Chronology Current Month Current Thread Current Date
[Year List] [Month List (current year)] [Date Index] [Thread Index] [Thread Prev] [Thread Next] [Date Prev] [Date Next]

Re: [Phys-L] peculiar data; was: uncertainty



I've not been able to check the list for a while. Just saw this thread.

-- Fudging the data to remove peculiar-looking points ... that's serious misconduct.

I think that may depend on the situation. Remember what was being done.

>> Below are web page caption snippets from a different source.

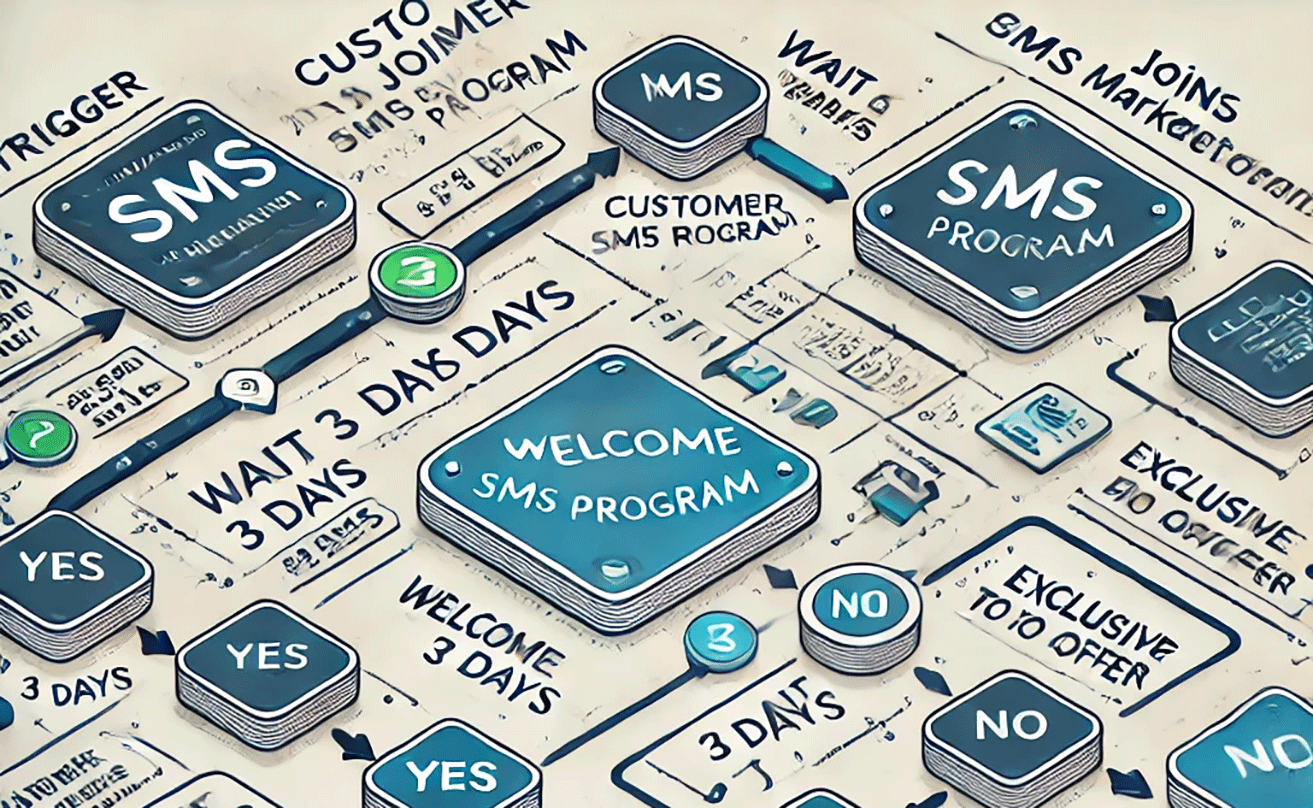 Illustration of an SMS marketing flow with triggers, time delays, and conditional paths for a VIP program.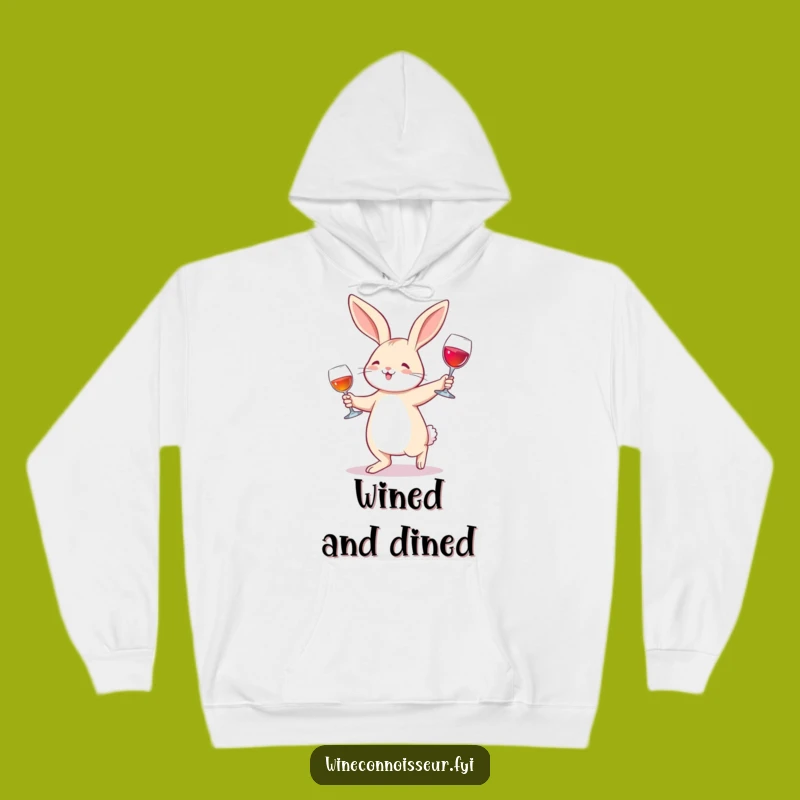 Funny Rabbit Wine Glass Waltz Hoodie - Cozy Comfort with a Whimsical Funny Gift Twist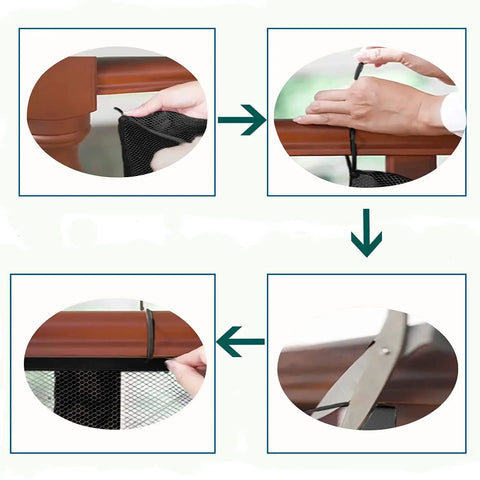 Hands installing Durable Baby Safety Net For Stairs And Banisters Kid Proofing Mesh Netting For Railing Balconies And Cribs
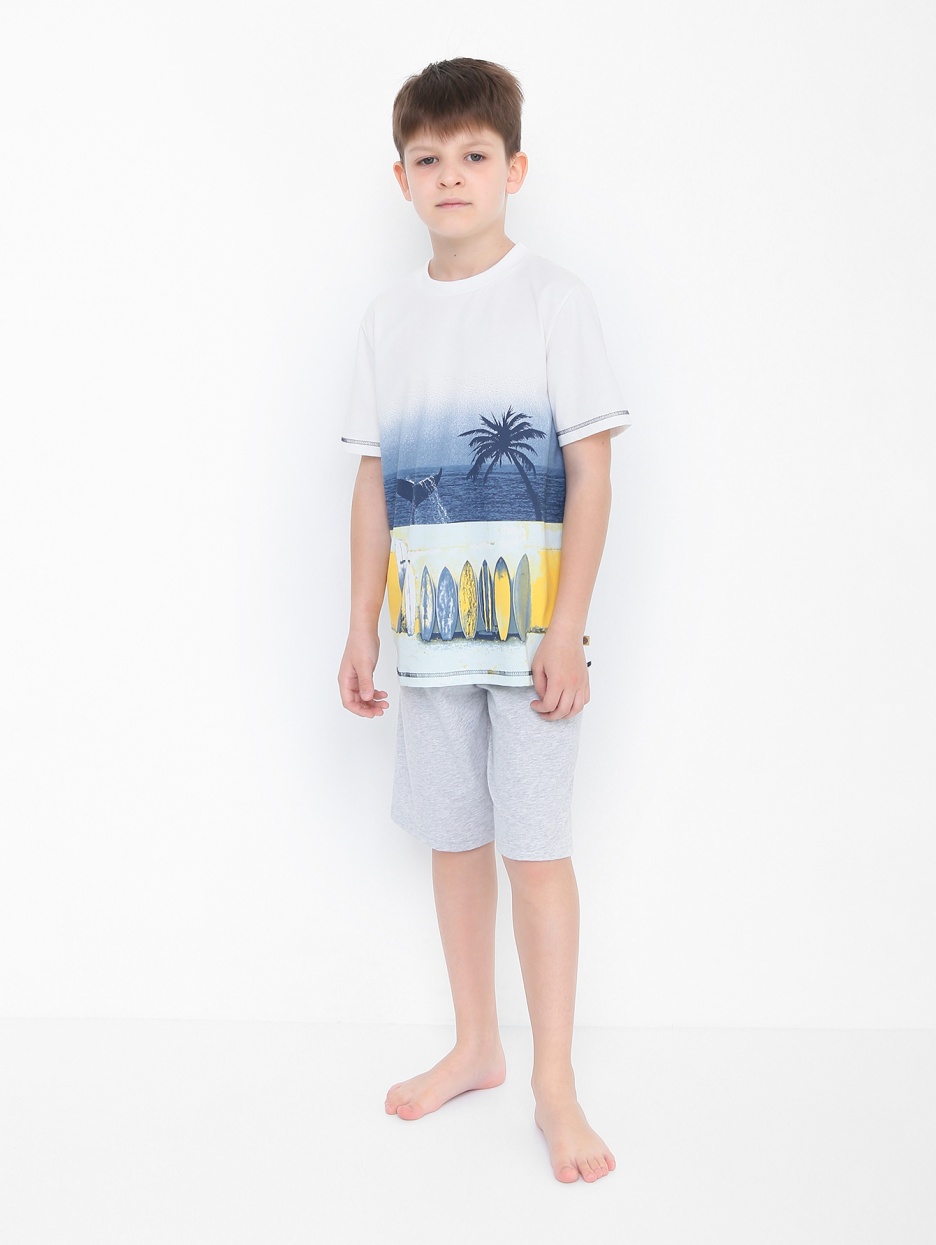 Хлопковая пижама с принтом - МодельОбщийВид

We had ~75 data points. of them, 74 were between 185.xxg - 187.xxg. One value was at 164.xxg. We discussed the range of values, what might have produced such a range, what proper procedure is for recording the data (with all students measuring the same mass on the same triple beam balance). When we analyzed our data, we did see but did not include the 164.xx value in our range used to determine the precision of measurements with a triple beam balance. If a student submits 34,851.4g, do you suggest we keep that point too? In this case? Measuring a washer on a triple beam balance? I find that to be an extreme choice. You can take this mole hill and make it a mountain. But I disagree with you on this one.
This activity if we include the 164.xx value in our measurements, then the result would be that our 3 crank method for measuring the mass of an object in lab would have an uncertainty of roughly 20 grams. Really? If the student enters 16414g, then our uncertainty in all values measured by the triple beam balance are +/- 16,229g because someone slid decimals around the wrong. way? Really? "From this point forward, when we collect data and do experiments, all mass value measured on a triple beam balance must be recorded as precisely as possible, and the uncertainty associated with that measurement must be +/- 16,229g. Is it possible momentum was conserved in your lab?" "Will your object float in water?" The results become silly. The 16,229g mark is an extreme to make a point. However, 20 grams? The 3 crank method with an uncertainty of 20g is still rather large, in my opinion.
Separately, we always talk about keeping our data. If we get something unexpected, we keep it and take more data. We often plot all of our data on our graphs and get the best fit line and relationship from all of our data (not always, sometimes we have issues with what we would like to plot when compared to what our software will let us plot). We discuss how the cardinal sin of science is fudging data. No number of Hail Mary's can solve that problem.
We keep all data. But I don't think the 164 mark is helpful here.

Have a good one.
Paul.




-----Original Message-----
From: Phys-l [mailto:phys-l-bounces@www.phys-l.org] On Behalf Of Bill Nettles
Sent: Monday, January 19, 2015 10:01 AM
To: Phys-L@Phys-L.org
Subject: Re: [Phys-L] peculiar data; was: uncertainty

An experiment yields anamolous data, but a careful review identifies problems in the experiment (or in some of the data collection) which can be matched to the anamolous data. Do you formally report the anamolous data (I know you MUST keep it in the log book), then give justification for excluding it, or do you ignore it (and the procedural/instrumentation errors) in the formal report?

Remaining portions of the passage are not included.